Although our study demonstrates a clear association between COVID-19 and liver injury, mechanisms for liver injury remain unclear. Direct injury by SARS-CoV-2 has been proposed as a likely mechanism [3]. The expression of ACE2 protein (entry receptor for SARS-CoV-2) on bile duct cells supports the possibility of virus-mediated liver damage [3]. However, there is a lower frequency of receptors found in liver cells than bile duct cells, and trends show an elevation in aminotransferases rather than alkaline phosphate and gamma-glutamyl transferase [3,6,7,17]. Thus, alternate mechanisms must be considered as well.
Apart from direct viral-mediated injury, drug-induced liver injury must also be given consideration. Acetaminophen, a drug commonly used by COVID-19 patients, is known to cause hepatic injury at doses >7.5 to 10 g in adults [30]. In addition, the simultaneous use of multiple antiviral therapies and antibiotics in these patients can be hepatotoxic [17,21-23]. Aggressive treatment in patients with more severe disease may explain the association of liver injury with disease severity seen in our study.

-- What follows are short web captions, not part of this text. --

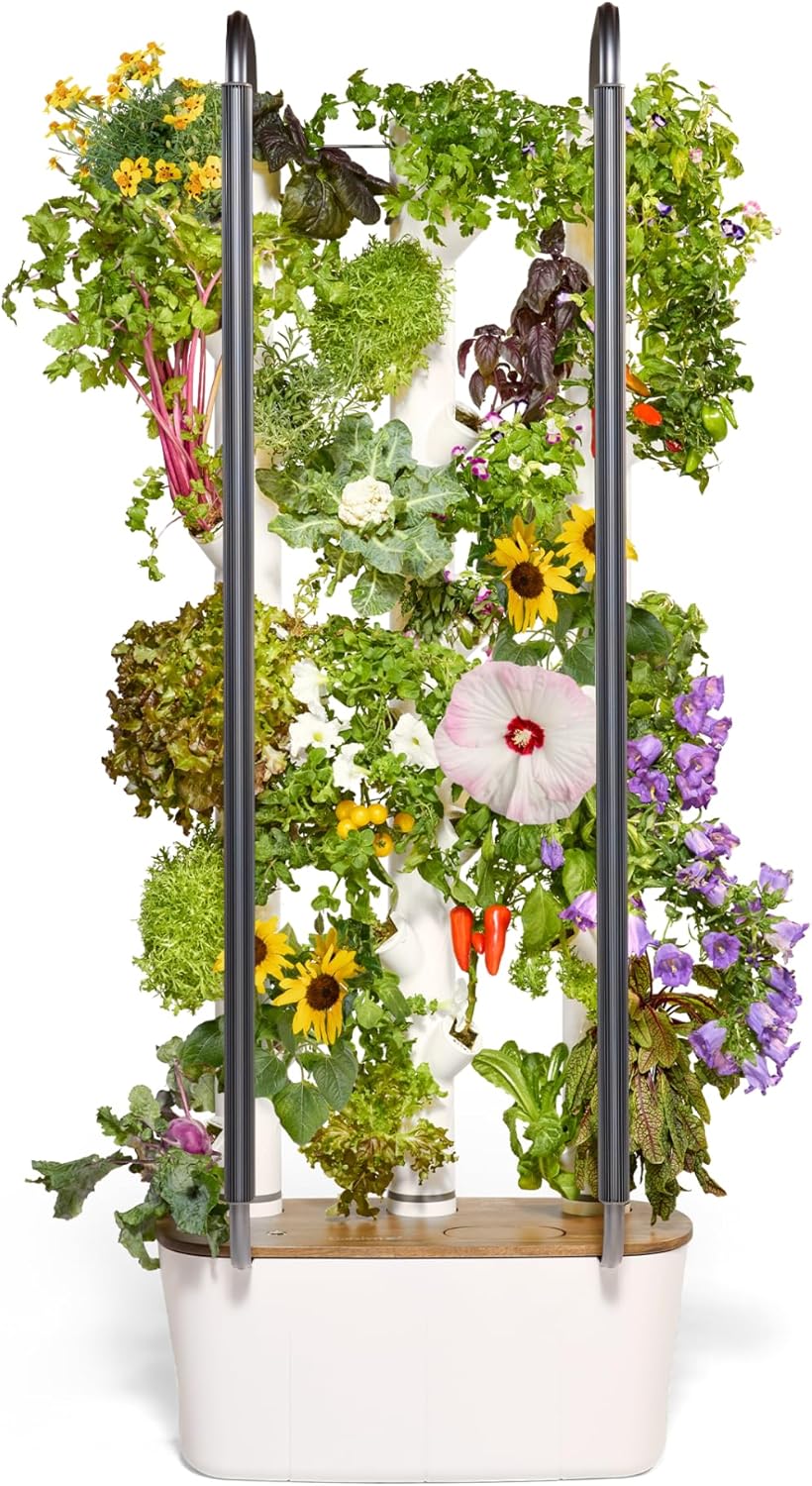 스마트 실내 정원 시스템 상업용 수직 농업 30종 비유 - Smart Garden Vertical Planter 리뷰 및 가격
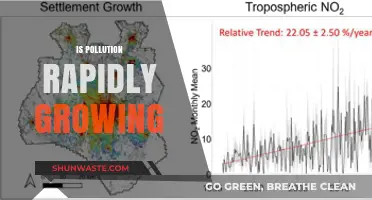 The Dark Side of Human Progress: Pollution's Rapid Growth
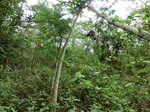 46051CIMG0340.JPG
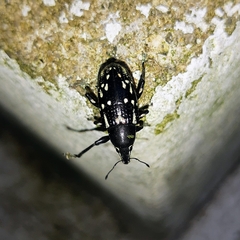 Lordopini
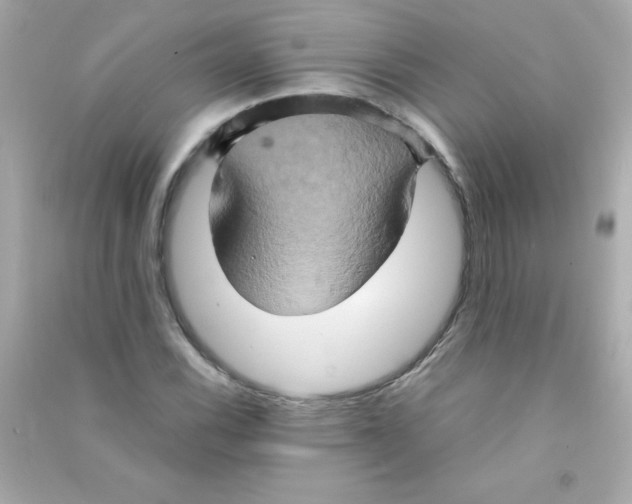 X0000090491116200708102213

Systemic effects of COVID-19 could be another possible explanation for the liver injury. It is proven that SARS-Cov-2 infects the lung causing hypoxia and, in severe cases, acute respiratory distress syndrome, sepsis, and multi-organ failure [1,4,9,17]. It can be imagined that sepsis in COVID-19 leads to hypoxic injury and ischemia of the liver, causing elevated liver biochemistries, which further explains why serum ALT, AST, and total bilirubin levels are higher in severe/ICU COVID-19 patients than non-severe patients, as demonstrated in our study [6,7,17].
To the best of our knowledge, this is the first meta-analysis to report the prevalence of liver injury in COVID-19 patients while keeping the definition of liver injury standard and accounting for baseline CLD history. Thus, these results should be generalizable across cohorts of hospitalized COVID-19 patients. Our results should stimulate further research interest in the area in order to uncover mechanisms contributing to liver injury.
Limitations
This study has certain important limitations. Firstly, the quality of data-collection methods and data reported in individual studies cannot be ascertained. Secondly, patients can sometimes be unaware of underlying CLD (e.g., in non-alcoholic fatty liver disease), and these patients may be misclassified as having no CLD. This could have led to an underestimation of baseline CLD prevalence. Third, as shown, estimates from our study had significantly high heterogeneity. This is likely due to the inclusion of primarily small studies with varied prevalence. Lastly, all included studies were of observational nature, and there is a need for randomized trials on this aspect of COVID-19. Although meta-analysis can increase the power and provide better estimates, the results are intended to offer early insight and should not be considered a replacement for large-scale observational studies that are being awaited.
Conclusions
This systematic review and meta-analysis shows that COVID-19 is associated with an increased incidence of liver injury. Furthermore, the extent of derangement in serum liver function markers is associated with the severity of COVID-19. Future studies should adopt a pre-defined criterion for reporting liver injury and exclude those patients from the analyses that had any form of baseline derangement in liver enzymes and biomarkers at hospital admission. A standard protocol should be formed for COVID-19 patients to identify them as "with liver injury" or "without liver injury", as this will lead to uniform reporting and low bias in studies.
Appendices
Table 4. Diagnostic criteria used for the assessment of severity of COVID-19 among patients in the included studies.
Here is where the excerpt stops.